Billabong Secures $364 Million in Financing

A Billabong store in Sydney.Daniel Munoz/Reuters A Billabong store in Sydney.

HONG KONG — Billabong International appears to have avoided a wipeout.

On Tuesday, the troubled Australian surf apparel company said it would replace its chief executive and announced that it had secured a financing package from private equity investors worth 395 million Australian dollars ($364 million) to help with its working capital needs and to pay down debt.

Billabong is getting a boost from Altamont Capital Partners — one of the two private equity companies that last month decided not to proceed with a joint takeover bid that had valued Billabong at about 290 million dollars.

Instead, Billabong said on Tuesday that it would secure bridge financing of 325 million dollars at a 12 percent annual interest rate, to be arranged by Altamont and GSO Capital Partners, the credit arm of the Blackstone Group. In addition, Billabong will sell DaKine, its backpack and outerwear brand, to Altamont for 70 million dollars.

As part of the deal, Billabong will issue share options to Altamont and GSO Capital representing a 15 percent stake. That stake may be increased to as much as 40 percent in the future as part of a long-term financing package that would include a convertible note and also a revolving credit line issued by GE Capital.

Billabong said Scott Olivet, a former chief executive of the sunglasses maker Oakley, would succeed its chief executive, Launa Inman, who has been in the job for about a year.

“The changes being announced today provide the company with a stable platform and the necessary working capital to continue to address the challenges it faces,’’ Billabong’s chairman, Ian A. Pollard, said in a news release on Tuesday. “We had highlighted the company’s debt issues previously, and it was imperative to deliver a refinancing that retained an opportunity for shareholders to participate in the future of the company.”

Founded in 1973 by Gordon Merchant, a surfer who started out making board shorts in the kitchen of his home on Australia’s Gold Coast, the company has been swimming against the current in recent years as sales have plunged and its market value has dwindled.

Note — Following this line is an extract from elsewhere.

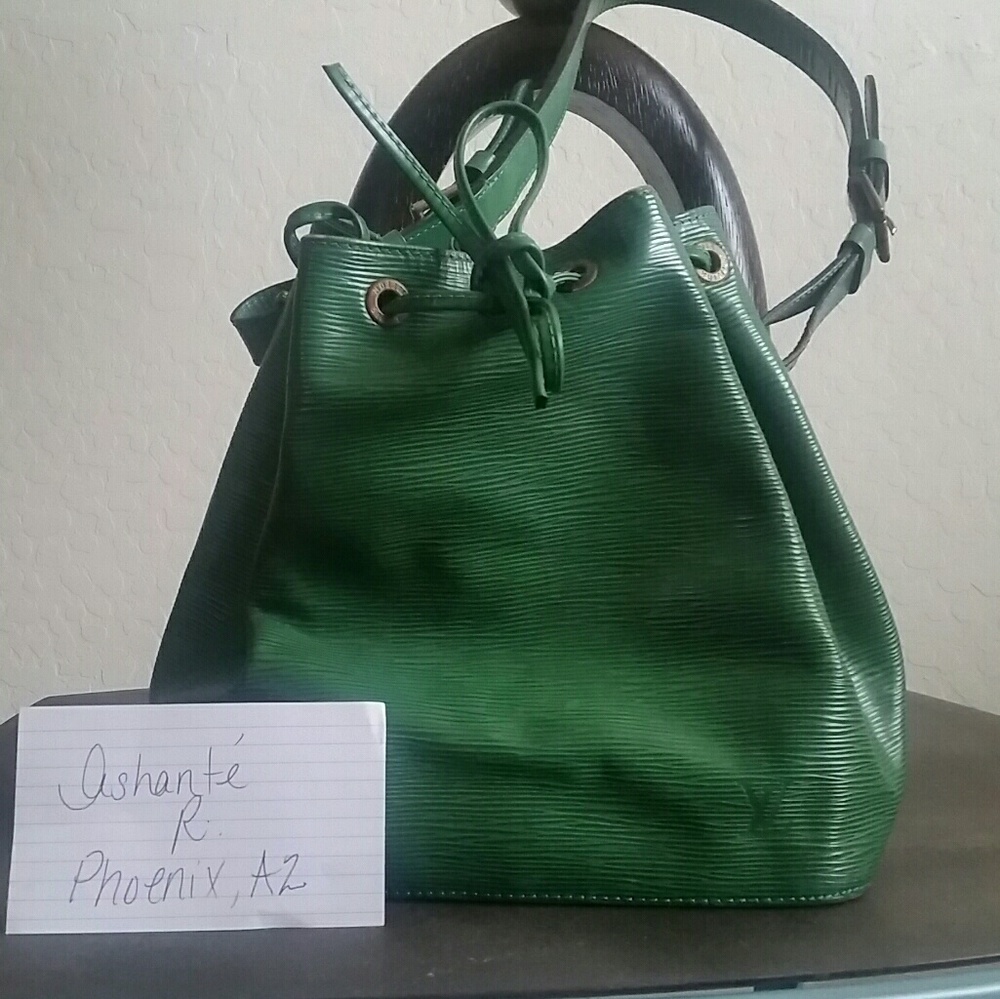 SOLD Louis Vuitton Epi Noe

Only 16 months ago, Mr. Merchant snubbed a takeover offer from TPG Capital that valued Billabong at 851.4 million dollars, or about 3.30 dollars a share, saying then that even an offer of 4 dollars a share “would still represent a discount on the true value of Billabong.”

Billabong’s shares have fallen 76 percent in the last year and last changed hands at 25 Australian cents apiece. They were suspended from trading on Tuesday pending the financing announcement.